Wednesday, December 23, 2020

“Found me in the Hold of the Vessel where I had hid”

As recounted yesterday, shortly after nine o’clock on the evening of 18 May 1770, a crowd seized Customs land waiter Owen Richards as he was returning to a schooner he had seized for smuggling that afternoon.

The attackers ripped off Richards’s hat, wig, and at least most of his clothing and covered him with tar and feathers. The Customs man’s report continued:
in this barborous, Cruel & Inhuman manner they carted me thro’ all the Streets in Boston. they also fix’d a paper on my breast, with Capital Letters thereon, but cannot Recollect what it contained—

so after, so much cruel usage. and being so Long naked, it being to the best of my Knowledge, from 10 OClock in the Evening, till Two in the Morning. I gott away at last by the Help of some friends, from my merciless, and bitter Enemies, which happned before Capt. John Homers door, at Bartons point; whilst that another party of the same mob were contending what they should with John Woart; whom they had, in a Riotous manner, brought there, in order to serve him as I had been served as I had been served—

in fine [i.e., finally] I gott to my house, by the Assistance of God, and some friends, where my Wife and Children with unspeakable Grief, and astonishment, beheld me in that Horrible Condition—
Again, Richards later described this attack with more dire details.

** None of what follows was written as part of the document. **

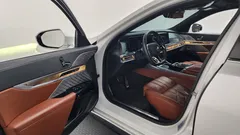 2023 BMW 7-Series 750e xDrive M Sport, белый — фото 10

A court filing in January 1771 stated he “lost his Cloaths, Money, and Papers to the Amount of near £20 st[erling]. And in order to satiate their abandoned Brutality, they set fire to the Feathers as they stuck in the Tar, upon his naked back.”

Richards’s petition to the Loyalists Commission in 1782 said the crowd “set the Feathers on Fire on his Back, and fixed a Rope round his Neck. In this Position they Exposed him around the Town for seven Hours untill he was just expiring.” Back in the month it happened, he estimated the ordeal as four hours long.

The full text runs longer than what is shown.